Copyright 1995, Los Angeles Daily News,
Appeared July 26 1995, L.A.Life section, page 12. Also Woodland Hills Daily News same day.
Appears here by permission of author.

On-line users bullish about futures market of punditry

By Yardena Arar

We all have a stake in the future. But lately, thanks to an award-winning World Wide Web site, mine has become more speculative in nature.

The site is called Idea Futures, and it's essentially a rotisserie-league futures market for punditry. The commodities are predictions [-] about 150 of them at the moment, dealing with topics as diverse as a cure for AIDS, the O.J. Simpson trial, time travel and Fermat's Last Theorem.

Do you believe there will be nudity on network television by 1999? So does the market; coupons for that prediction are being offered for 80 cents (out of a possible $1, the amount coupons to the various claims will pay if the claim is judged true). Will Colin Powell run for president? You're in the minority if you think so; the asking price there is only 21 cents.

None of this is real money; the medium of exchange is virtual, or funny money; you get an ``allowance'' of $50 a week. Trading goes on 24 hours a day among, at present, about 1,200 participants. Anyone can play simply by registering with a valid e-mail address, a real name and a phone number.

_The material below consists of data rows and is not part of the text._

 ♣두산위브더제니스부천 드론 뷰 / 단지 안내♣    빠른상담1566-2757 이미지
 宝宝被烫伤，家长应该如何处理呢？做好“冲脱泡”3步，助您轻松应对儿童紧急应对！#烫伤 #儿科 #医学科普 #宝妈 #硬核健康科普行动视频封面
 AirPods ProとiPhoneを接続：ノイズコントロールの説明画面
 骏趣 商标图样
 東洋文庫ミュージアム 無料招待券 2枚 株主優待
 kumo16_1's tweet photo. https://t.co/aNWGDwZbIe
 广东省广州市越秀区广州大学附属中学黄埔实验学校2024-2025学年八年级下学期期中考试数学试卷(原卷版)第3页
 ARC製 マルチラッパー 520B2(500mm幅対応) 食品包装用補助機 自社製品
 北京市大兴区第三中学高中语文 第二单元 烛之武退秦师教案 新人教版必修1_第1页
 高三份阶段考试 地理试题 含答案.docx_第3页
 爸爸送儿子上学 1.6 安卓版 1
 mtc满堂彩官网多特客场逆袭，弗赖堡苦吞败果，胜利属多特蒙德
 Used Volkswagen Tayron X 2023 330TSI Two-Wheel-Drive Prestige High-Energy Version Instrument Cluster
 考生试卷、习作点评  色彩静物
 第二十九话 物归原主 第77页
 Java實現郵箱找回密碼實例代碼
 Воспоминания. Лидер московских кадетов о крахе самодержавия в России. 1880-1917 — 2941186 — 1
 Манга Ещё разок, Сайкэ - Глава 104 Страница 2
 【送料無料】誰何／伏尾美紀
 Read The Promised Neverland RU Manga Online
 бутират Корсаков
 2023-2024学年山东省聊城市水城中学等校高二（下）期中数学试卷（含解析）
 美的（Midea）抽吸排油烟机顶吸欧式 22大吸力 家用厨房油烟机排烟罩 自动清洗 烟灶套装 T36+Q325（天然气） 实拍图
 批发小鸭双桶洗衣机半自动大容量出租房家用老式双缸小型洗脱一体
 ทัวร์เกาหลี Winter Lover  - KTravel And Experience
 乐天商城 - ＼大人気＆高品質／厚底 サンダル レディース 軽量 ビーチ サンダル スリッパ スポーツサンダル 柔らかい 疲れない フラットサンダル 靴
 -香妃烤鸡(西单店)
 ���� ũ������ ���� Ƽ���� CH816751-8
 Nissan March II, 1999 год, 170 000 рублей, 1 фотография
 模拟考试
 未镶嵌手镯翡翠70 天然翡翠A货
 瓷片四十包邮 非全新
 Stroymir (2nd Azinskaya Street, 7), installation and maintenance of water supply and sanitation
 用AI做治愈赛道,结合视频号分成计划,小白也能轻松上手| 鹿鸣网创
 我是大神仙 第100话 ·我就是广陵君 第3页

The market opened to the public last September with about 30 players, and participation has been leapfrogging since then, said Duane Hewitt, one of a half-dozen Canadians responsible for the web site, which is based at the Alberta Research Council in Calgary.

``There's people from all over the world,'' he said. ``I don't have those figures, but I know the web page is being accessed every three seconds on average.''

Most players hear about Idea Futures because its organizers periodically post market figures on various claims to concerned Usenet newsgroups. Some of the five O.J. Simpson-related claims (O.J. will be found guilty, his trial will end in a hung jury or mistrial, O.J. will testify, jurors will be dismissed, and the length of the trial) are posted to alt.fan.oj-simpson.

Market prices are supposed to reflect public confidence in a claim; the lower the price, the fewer people think a claim will be true and vice versa. However, Hewitt said Idea Futures tends to be heavily influenced by current events.

``It may not be the greatest predictor, but it's great at responding to things,'' he said.

``It did anticipate the Dow going over 4,200.''

Mailing lists devoted to various categories of Idea Futures claims -- computer related, scientific and miscellaneous -- have ``really kept us up to date on things,'' Hewitt added.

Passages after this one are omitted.